御在所岳 3ルンゼ・マイナスの滝 (2017/2/11)

メンバー:崎間(L、記)、小林、中嶋

◆概要

◆詳細

2/11 晴れのち雪

 今年の御在所は雪が多いらしい。それでもスカイラインのゲート前には車が10数台停まっていた。駐車スペースを確保しようと無理やり路肩の雪面に進んだら、車(フォレスター)がスタックした。スコップで車の下の雪を掻き出し、中嶋さんと小林さんに押してもらって何とか脱出。前途多難な幕開けとなる。
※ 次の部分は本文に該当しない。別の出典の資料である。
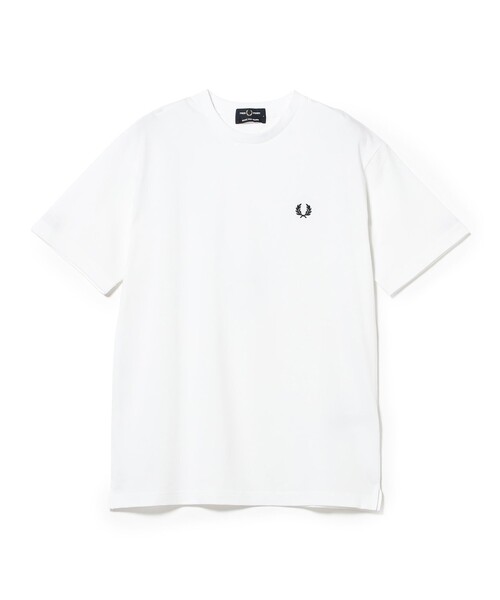 BEAMS(ビームス)の「【別注】FRED PERRY / ロゴ Tシャツ(Tシャツ/カットソー・メンズ・ホワイト/ブラック/チャコールグレー/ネイビー・SMALL/MEDIUM/LARGE/X-LARGE)」の5枚目の写真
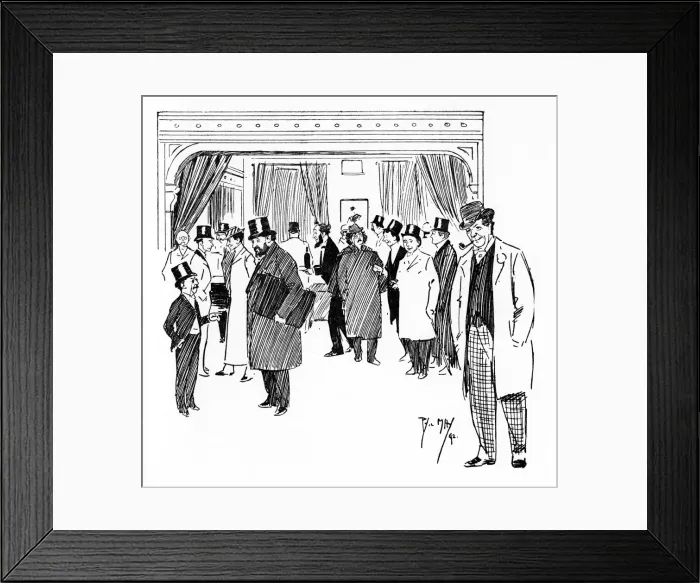 Framed Print : The Members of the Eccentric Club Framed Print : The Members of the Eccentric Club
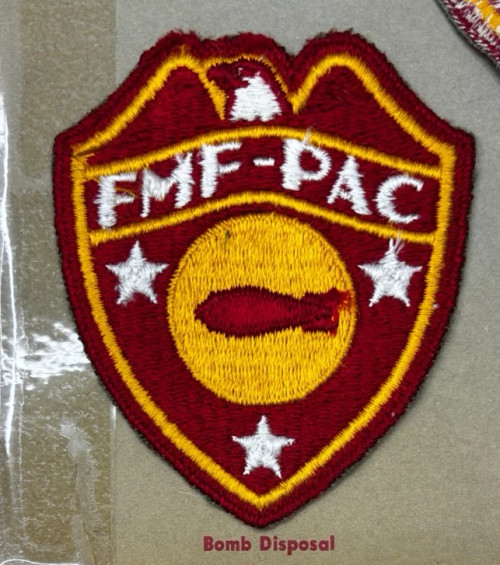 Kay Adams Collection WW 2 USMC FMF-PAC Bomb Disposal Inv# KA420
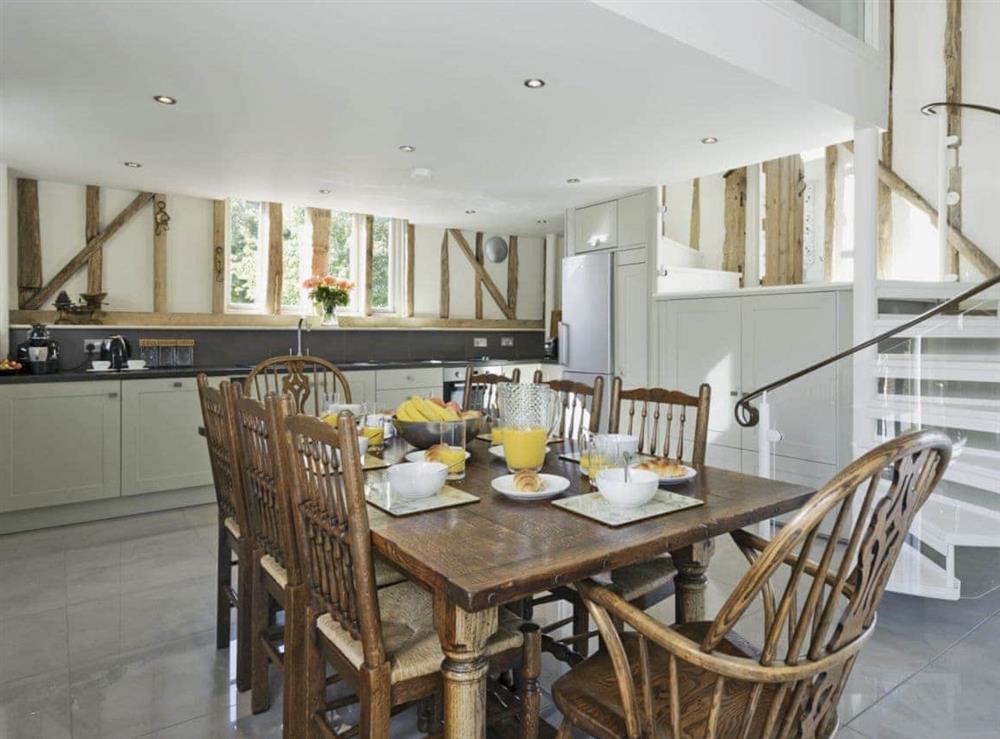 Stunning kitchen/dning area at Tatters Barn in Coggeshall, near Braintree, Essex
 藤内小屋まではトレースばっちりで歩きやすい。藤内沢出合にはハーネスを付けた人々が15人くらい居た。彼らの横を通り抜けて2ルンゼを目指す。前尾根向かって左のルンゼを進むと2ルンゼの入口であるマイナスの滝が現れる、という中嶋さんのアドバイスに従って進む。いつの間にかぼくらが先頭になった。吹溜りなのでラッセルが大変。腰、胸、頭と、どんどん深くなる。期せずして空身ラッセルの良い練習となった。

<▲藤内沢出合から前尾根方面>

 ラッセルしていると大きな岩が露出し水流が流れている部分に突当り、それ以上は直進できない。左にはベルグラが乗った80度、6m程の側壁がある。もしかしたらこれがマイナスの滝かも、ということで、ハーネスとアイゼンを装着。弱点を探し、ぼくがトライしてみる。

 4m程快調に登ったがそこから氷が途切れ、凍ったコケに恐る恐る体重を掛けながらの非常にシビアなクライミングとなってしまった。登れなければすぐに降りるつもりだったし、登れるのならすぐに上に行けると思ったので、ロープは出していない。素直に巻道を登れば良かったと思うものの後の祭りだ。岩を叩きすぎて、昨晩砥いだクォークは早くもナマクラ。幸い足は安定していたので大レスト可能。下で待っていた小林さん、中嶋さんが巻道から登り、上からロープを出してくれることになった。ただ、上からだとこの側壁はどこにあるか判別しづらいようだ。休んでいると前腕と気力が回復して周りが良く見えるようになり、登れるラインが浮かび上がってきた。慎重にフットホールドをつくり、コケフッキングを頼りにトラバースすると、ややしっかりしたベルグラにアックスが刺さった。ワンムーブをこらえて太い灌木にフッキング。安堵の溜息。そのまま雪面を登り小林さん、中嶋さんと合流する。大変ご心配おかけしました。

 巻道からトレースに沿って登ると本物のマイナスの滝に着いた(このときは2ルンゼだと思っていた)。しかし、4パーティーくらい順番待ちしているので、3ルンゼへ行くことにする。ラッセルが続くが、登山者パーティーが頑張ってくれて、かなり楽することができた。ありがとうございました。途中で我々も少しラッセルし、ようやく3ルンゼに到着。12時。ここに至る過程でいろいろあったので、なんとなく達成感。

<▲3ルンゼへの登り>

 貸切の3ルンゼにトップロープを張って皆で登る。中嶋さんは復帰後初アイスとのことで、真新しいクォーク(デナリで砥ぎ上げられた特別仕様)を振りかざして非常に嬉しそうに登っている。小林さんはアイゼンが合わないのか、たまに外れて苦労している。3ルンゼは傾斜が緩いので、しばらく登ると飽きてきた。14時。来るときに渋滞していた滝(マイナスの滝)へ寄ってみることにする。

<▲3ルンゼ>

 期待どおりマイナスの滝には誰もおらず、各自1回ずつ登ることができた。3ルンゼの氷は硬くて脆かったが、ここは少し粘りがあって登りやすく、傾斜もやや急でなかなか面白い。小林さん、中嶋さんが登っているときは風雪が強く、これぞアルパインクライミングという雰囲気であった。

<▲マイナスの滝(通常時)>

<▲マイナスの滝(悪天時)>

 15時半に撤収し、1時間強で下山。ラッセルあり、シビアなベルグラあり、普通のアイスあり、吹雪ありと、総合的に楽しめた充実の山行となった。今年は暖冬かと思いきや、たまに訪れる寒波のおかげでアイスの状態はなかなか良いようだ。